There are already 16 regulated US stock exchanges, although NYSE, Nasdaq and Chicago-based Cboe Global Markets own 12 of those between them, and most of the others prioritise trading, not listing. “Focusing on listings is different to what we’ve usually seen from new exchanges. These are trying to fill a need and that’s good,” said Joe Saluzzi, co-founder and head of equity market structure research at broker Themis Trading.

But in doing so, the new entrants are stepping into areas that have triggered culture wars and debate such as board diversity and climate change — a sharp departure from the usual approach of bourses around the world, which strive to be seen as visible champions of a country’s business prowess but quietly neutral in their rules.

The GIX filing came months after the Securities and Exchange Commission was taken to court following its introduction of rules that required companies to boost their disclosures of climate risks.
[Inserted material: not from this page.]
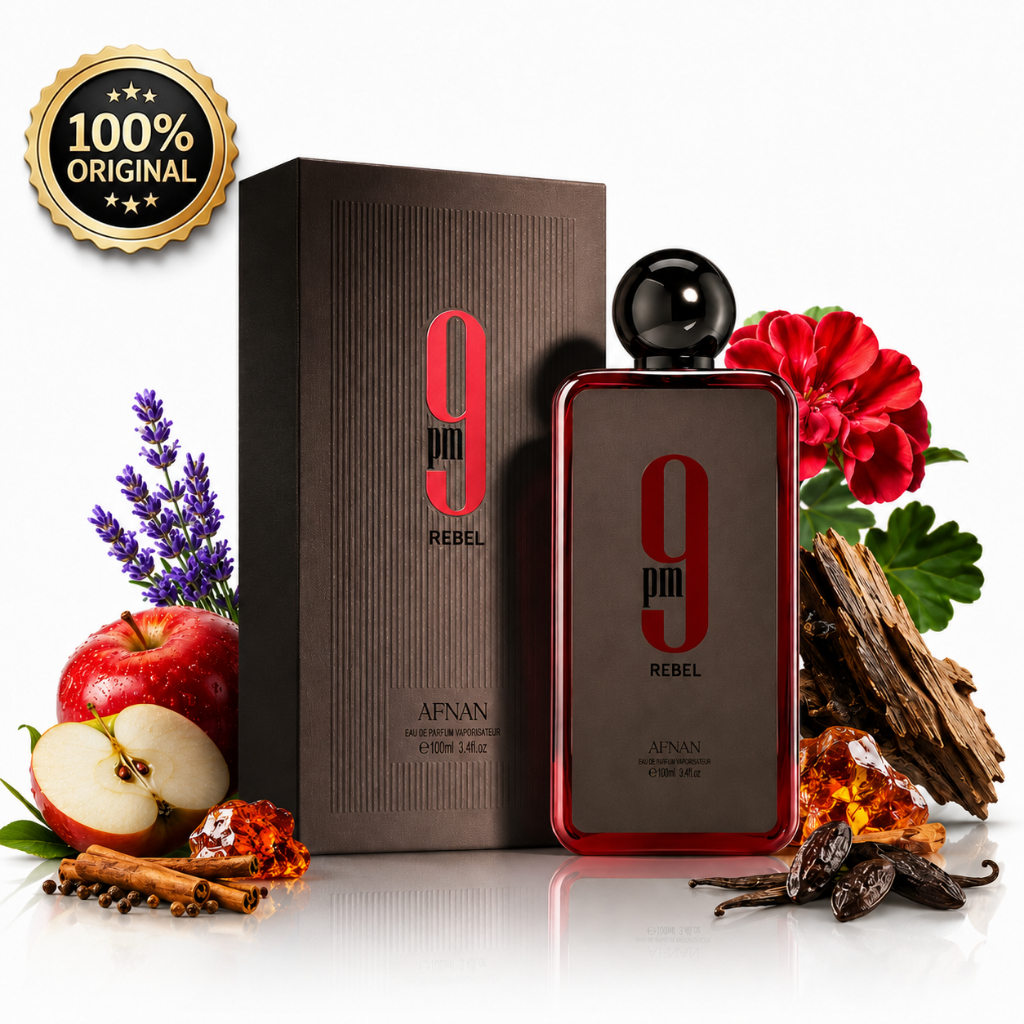 Perfume Afnan 9PM Rebel 100ml – Unissex, Original e de Longa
And Dallas-based TXSE has been described as the anti-woke exchange despite saying it is apolitical. Its pitch on predictability of listings standards has been viewed by some as a shot at the controversial 2021 board diversity requirements introduced by Nasdaq, which are currently being challenged by conservative groups in court.

GIX plans to offer secondary not primary listings, enabling a company to retain its prized NYSE or Nasdaq status while also bolstering its green credentials, albeit at extra cost. GIX says its value lies in the fact that a company follows its rules or gets delisted — something that companies work hard to avoid.

“For investors who’ve bet on a company for the long haul, it’s got real value when a regulated exchange says ‘this company has achieved a level of transparency about its sustainability plans’, rather than it has achieved some level of greenness for now,” said Dan Labovitz, chief executive of GIX and a former NYSE official.

TXSE has said nothing more since an initial announcement in June, when it touted $120mn in funding from a group including Citadel Securities and BlackRock. It also talked of the appeal of its home state, now home to the headquarters of more of the biggest US companies than any other.

Success for the newcomers is far from guaranteed. Exchanges who have previously tried to compete with NYSE and Nasdaq for listings have, at best, failed to make inroads. Long Term Stock Exchange launched listings in 2021, offering secondary listings with an emphasis on companies laying out long-term strategies for growth including how executive compensation aligned with those plans. Its short-term results have been underwhelming. So far LTSE has attracted just three listings, one of which has since left.

Before that there was Investors Exchange (IEX). It started a listings business in 2017, a year after its launch as an exchange with plans to challenge the dominance of high-frequency trading in US markets. That followed its rise to fame in 2015 thanks to the Michael Lewis book Flash Boys: A Wall Street Revolt. It lured a single company from Nasdaq before conceding defeat in 2019. But even IEX sees potential for new entrants.

“Beyond the NYSE and Nasdaq duopoly, everything else about equity markets is much more competitive. That suggests there ought to be more of an opportunity to get into the listings business,” said John Ramsay, IEX’s chief market policy officer.

Privately, company advisers admit their clients often choose between NYSE and Nasdaq based on a CEO’s personal preference rather than any business or financial factors. A little more choice would make things more interesting for companies — and investors.